厚さは2Cm、幅は縦横とも60Cm 有ります。デルリンはデュポン社が特許を持っていたポリアセタール樹脂です。平たく言えばプラスチックです。

デルリンは「鉄よりも硬く、木よりも加工がしやすい」と言う特徴を持っていて、オジサンでも簡単に加工が出来ました。重さはデルリンだけで約20Kg近くあり、それにターンテーブルとアームをセットしています。

トップはこんな形でスプリングを使って浮かせていますので、触るとユラユラと揺れます。近くを歩いても全く影響は有りませんし、ハウリングも皆無です。やった事は有りませんが、横で縄跳びをしても大丈夫だと思います。

SMEの方はデルリンのトップ直付けですが、テクニカのアームは真鍮製の台座を介しています。
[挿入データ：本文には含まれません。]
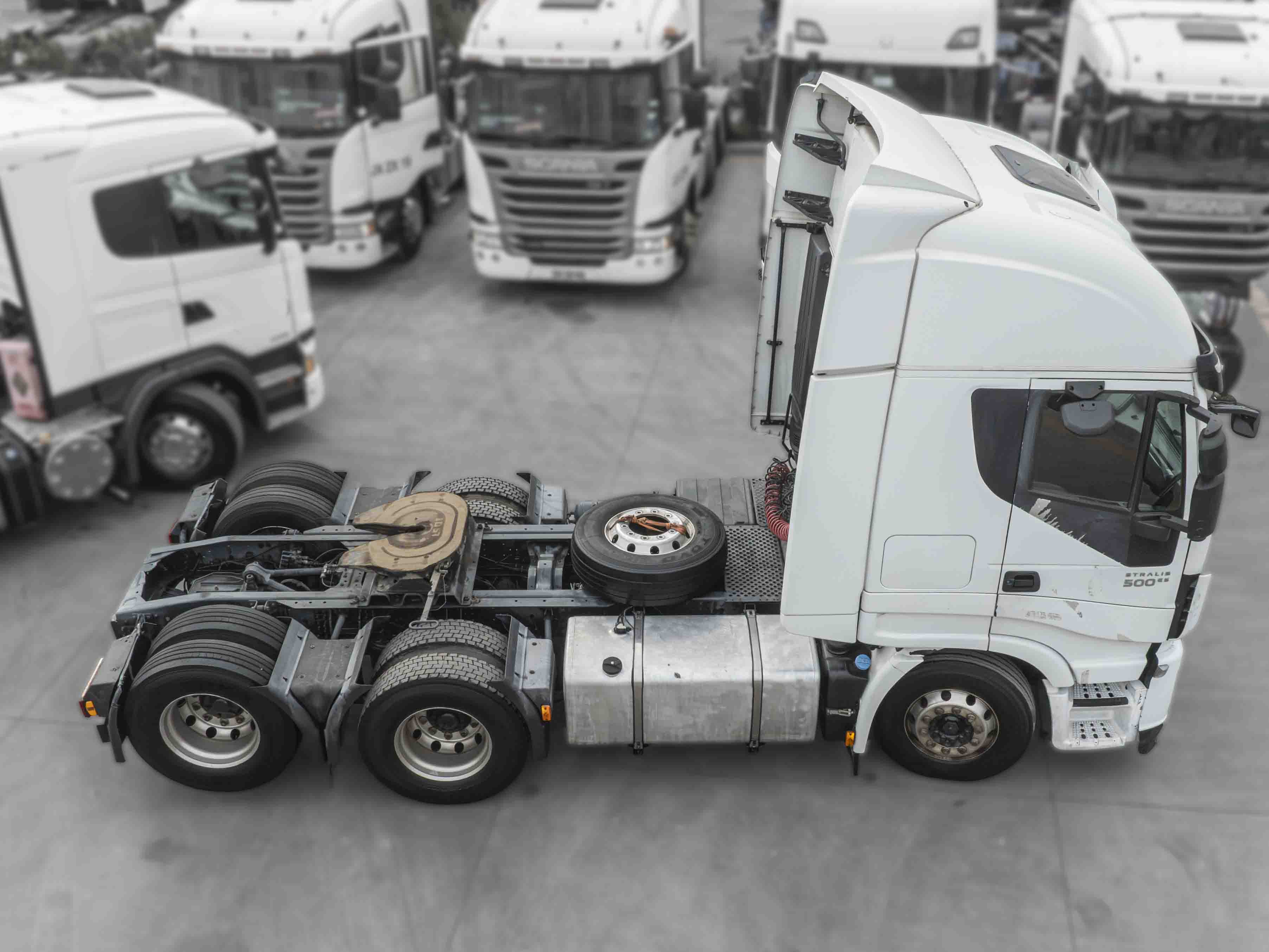 IVECO Tracto Camión 160 - foto 11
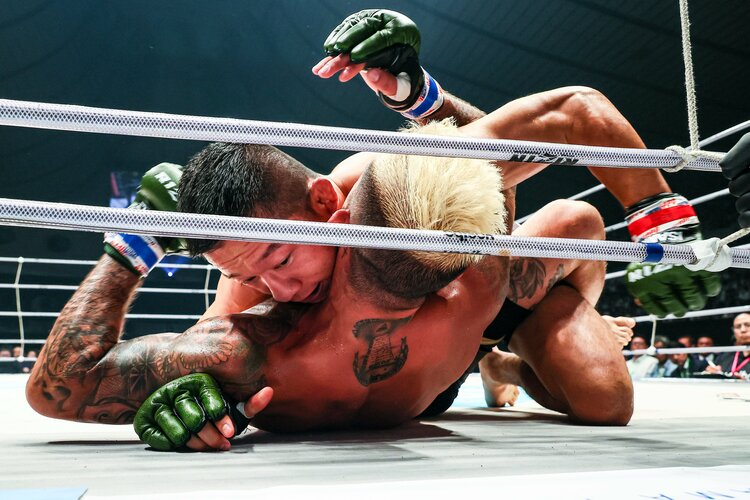 非売品〉UFC186 堀口恭司 実使用バンテージ & 試合用ファイトパンツ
この台座は大阪の金属加工業者に頼み込んでアルミ製と真鍮製の2種類を作成して頂き、結局は真鍮製に落ち着きました。

オジサンがGarrard401を購入したのが1984年11月で、このプレイヤーが今の型になったのが2007年の頃ですから、約23年の月日を費やした事になります。この時間を無駄とみるか否かは人によって異なると思いますが、オジサン的には「よぉやった」と言いたいと思います。

プレーヤーシステムはレコードに刻まれた情報を余すところなく拾い、それをアンプ(フォノイコライザーや昇圧トランス等含む)に送り込むのが役割ですが、ここで失われた音はその後どれほど素晴らしい装置を使っても再現する事は出来ません。オーディオは先に行けば行くほど失われる音は有っても増える音(ノイズは別)は有りません。どれほど優秀なアンプでも、必ず音は失われると思っていた方が良いと思います。従ってレコードの溝に刻まれた音(情報)を出来る限り100%に近い形で拾って上げる事がプレイヤーシステムの役割なのです。(人によってはどれほど優れたプレーヤーシステムでも50%程度と言う人も居る)

そのために多くの時間と労力を費やすのです。それがオーディオの楽しみなのではないでしょうか?珠玉の再生音が鳴った時の満足感は得も言えないものだと思いますが、残念ながらオジサンはまだその域に達していないのです。

ざんね~ン!!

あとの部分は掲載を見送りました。